In October 1998, near that same lonesome road outside Laramie, Matthew Shephard, a gay University of Wyoming student, was tied to a fence after being kidnapped and brutally beaten with a fist, a belt, and the butt of a gun. The perpetrators were Aaron McKinney and Russell Henderson, two local boys who left Matthew begging for his life.

Far away in a Boston apartment, I listened to the reports—hypothermia, a fractured skull, injuries likened to the effect of a car crashing at 80 MPH—and was stunned. As a Laramie native, was I among those who allowed this to happen? I felt a tension like a rope being tightened inside me. I did not want to claim that Laramie anymore.
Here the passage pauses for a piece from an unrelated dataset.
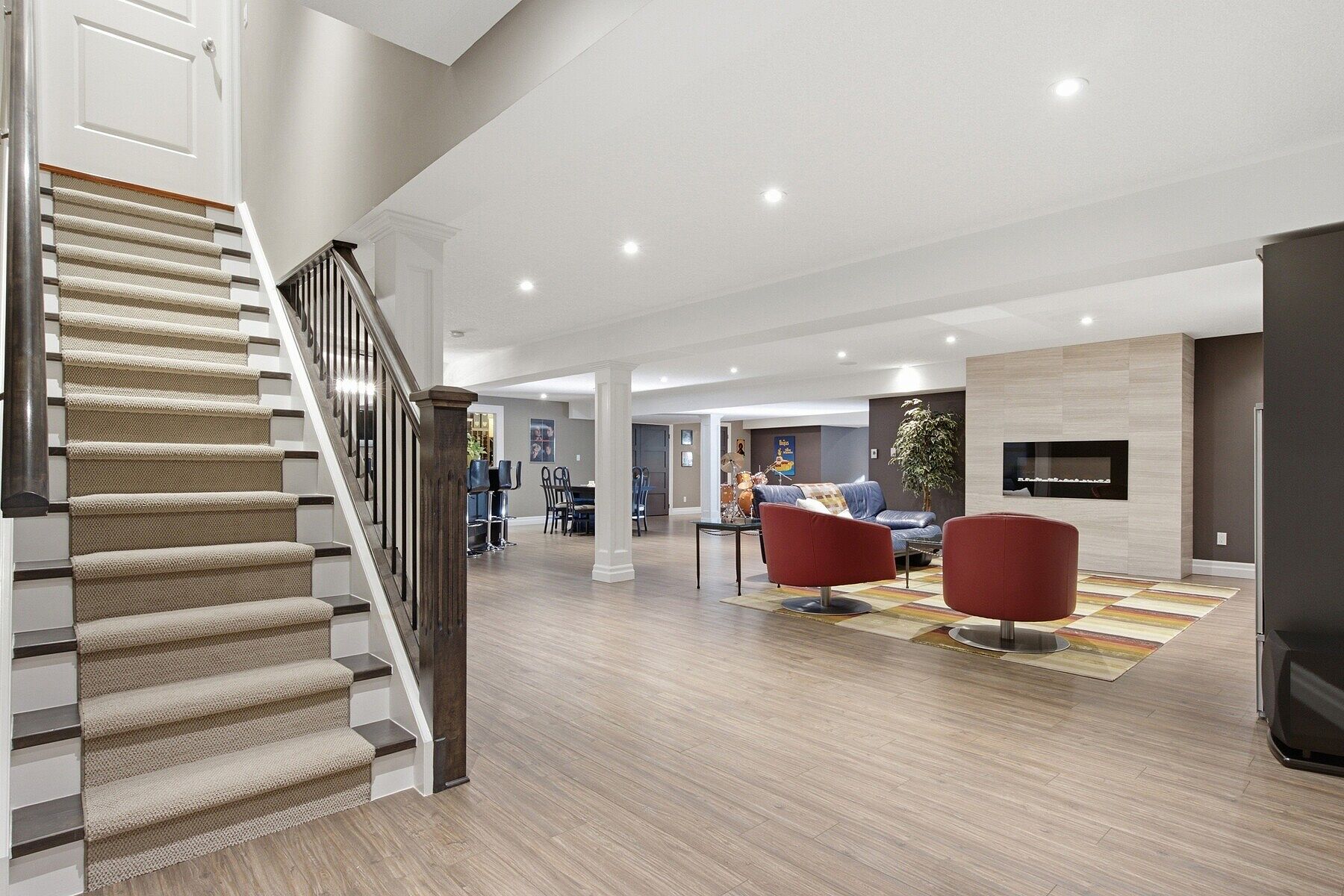 28 Deer Ridge Crescent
But as the calls from Laramie friends poured in, I began to feel differently. I wanted to go home: to breathe the pine-scented air, to attend a vigil, to cast out the reporters, to comfort my friends, to chastize those with homophobic attitudes. To mourn. To blame. To hurt. And I also wanted to prove that I was not a product of a town that would allow such cruelty, such horror.

Matthew Shephard’s murder transformed Laramie from an idyllic city characterized by good people, wind, and open stretches of land into the geographical apex of a much larger cultural dialogue about the interrelationship of homophobia, sexual politics, race, class, tolerance, and diversity—issues at work beneath the surface simplicity of this town and others like it.
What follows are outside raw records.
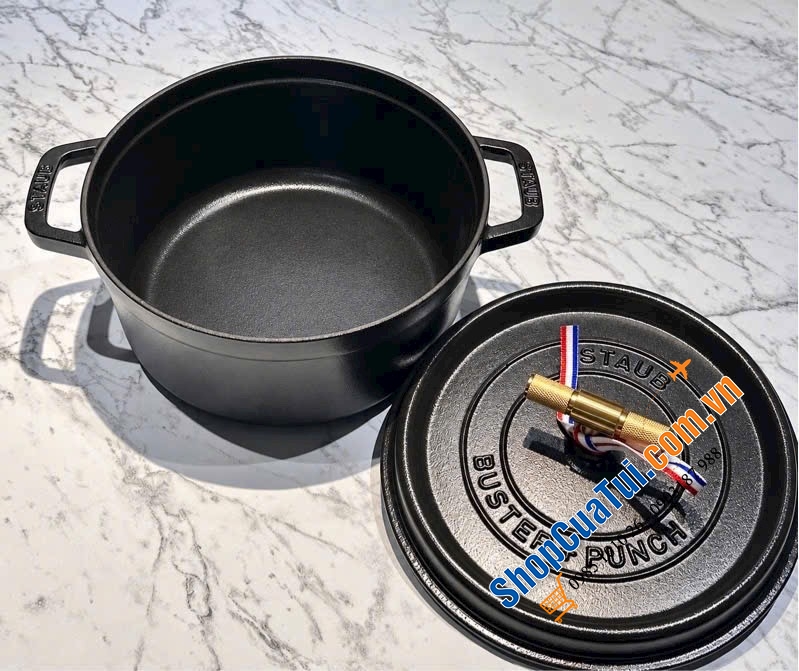 STAUB x BUSTER + PUNCH LIMITED EDITION - Khi Tuyệt Tác Ẩm Thực Pháp Giao Thoa Cùng Nghệ Thuật Cơ Khí London.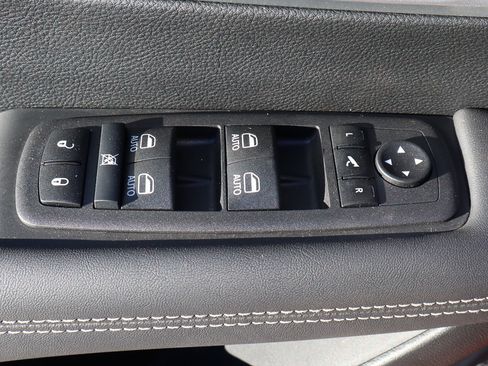 New 2026 Chrysler Pacifica Limited w/ Uconnect Theater Family Group image 10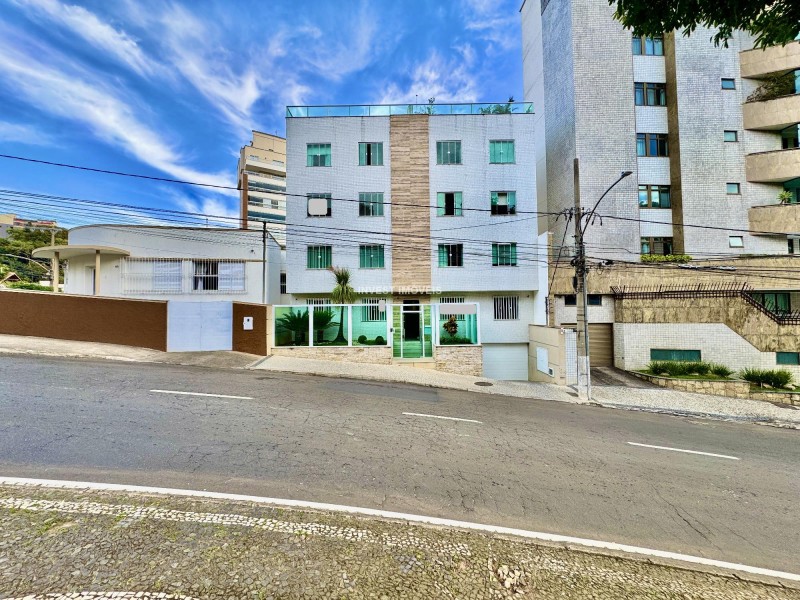 Apartamento a Venda no bairro Bom Pastor na cidade de Juiz de Fora — 3 quarto(s), 3 banheiro(s), 1 vaga(s), área 12000 m², Valor R$ 500000.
Digging beneath this surface is a delicate process of excavation and one that falls squarely within the project scope of the New York-based Tectonic Theater Project, a theater company that seeks to analyze current events while exploring theatrical language and form. Over a year-and-a-half-long period beginning in November 1998, Kaufman and nine company members made six trips to Laramie and conducted over 250 interviews, which were then edited and transcribed. Part oral history, part docudrama, The Laramie Project paints a complex, if incomplete, portrait of a town and its struggle to wrest order from chaos. Off-Broadway critical acclaim followed the play?s 2000 debut in Denver, and The Houston Chronicle recently praised the “earnest and affecting premiere” by Stages Repertory Theatre/Unhinged Produc-tions. The play makes its Austin debut at the Zachary Scott Theater February 21-April 7.
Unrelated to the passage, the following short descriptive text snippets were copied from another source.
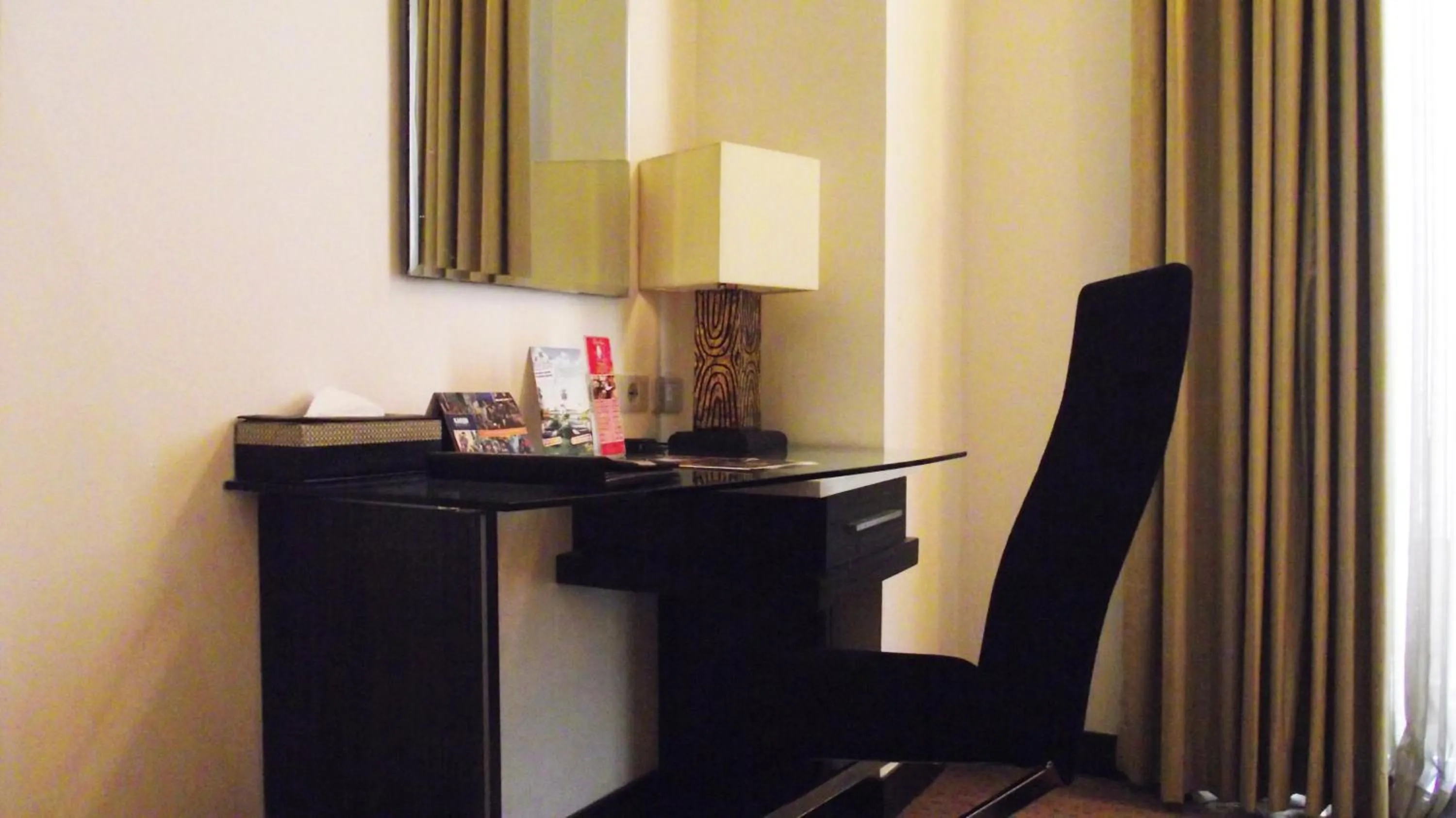 Decorative detail in Golden Flower by KAGUM Hotels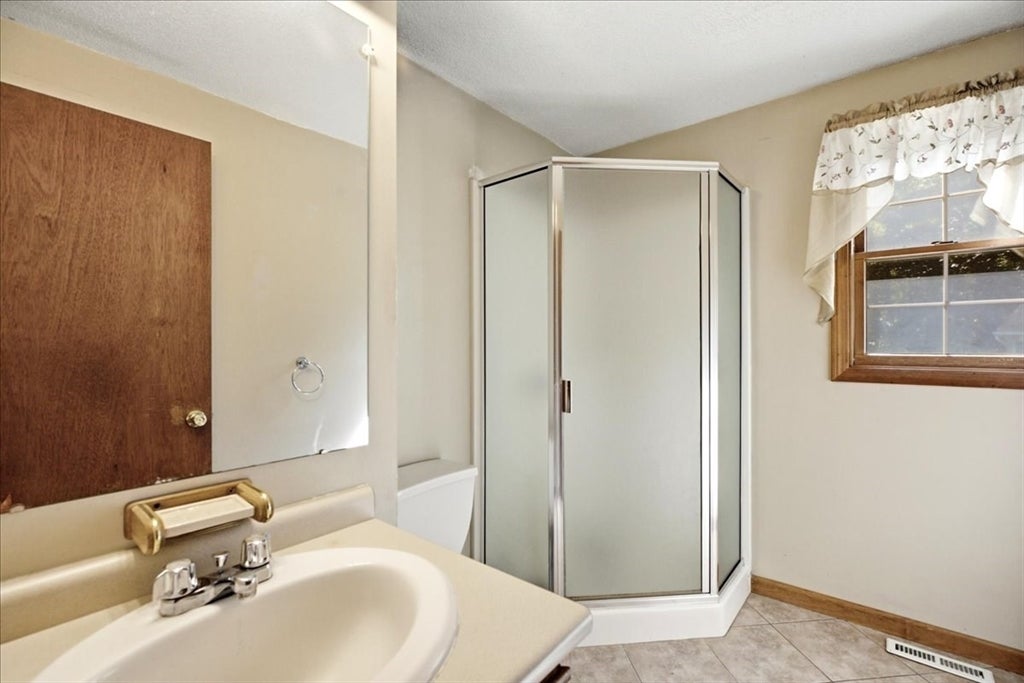 18 Scott Hollow Dr, Holyoke, MA, 18 Scott Hollow Dr, Holyoke, MA Photo #18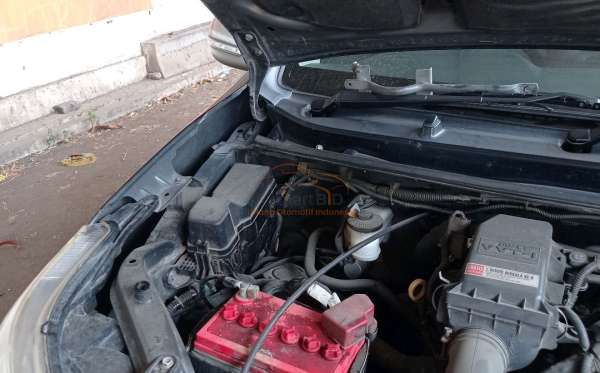 TOYOTA AVANZA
A three-act episodic narrative, the edited interviews are arranged as “moments” or snapshots that give the reader a sense of being dropped into the midst of a vivid, unattractive, and very human mess in the months immediately following Matthew’s death: blame is still being assigned, the how and why questions examined to their breaking point. These are raw stories from a town just beginning to heal and recover from trauma (“shit happens and it happens in Laramie”). The process, then, is one very clearly on the edge—of emotions, of loyalties, of dramatic shifts in thought and conviction—and thus lends itself well to the re-telling of Shephard’s murder when more traditional methods of storytelling may have failed. The play’s structure allows insightful observations about Laramie residents without lapsing into easy stereotypes—rednecks riding mechanical bulls or buffalo casually chewing away at brush on the side of the interstate—images so often associated with Wyoming and the mythic Wild West that they have come to stand for it. The play pokes fun at these stereotypes in well-spaced moments of humor greatly needed in a work of such emotional gravity.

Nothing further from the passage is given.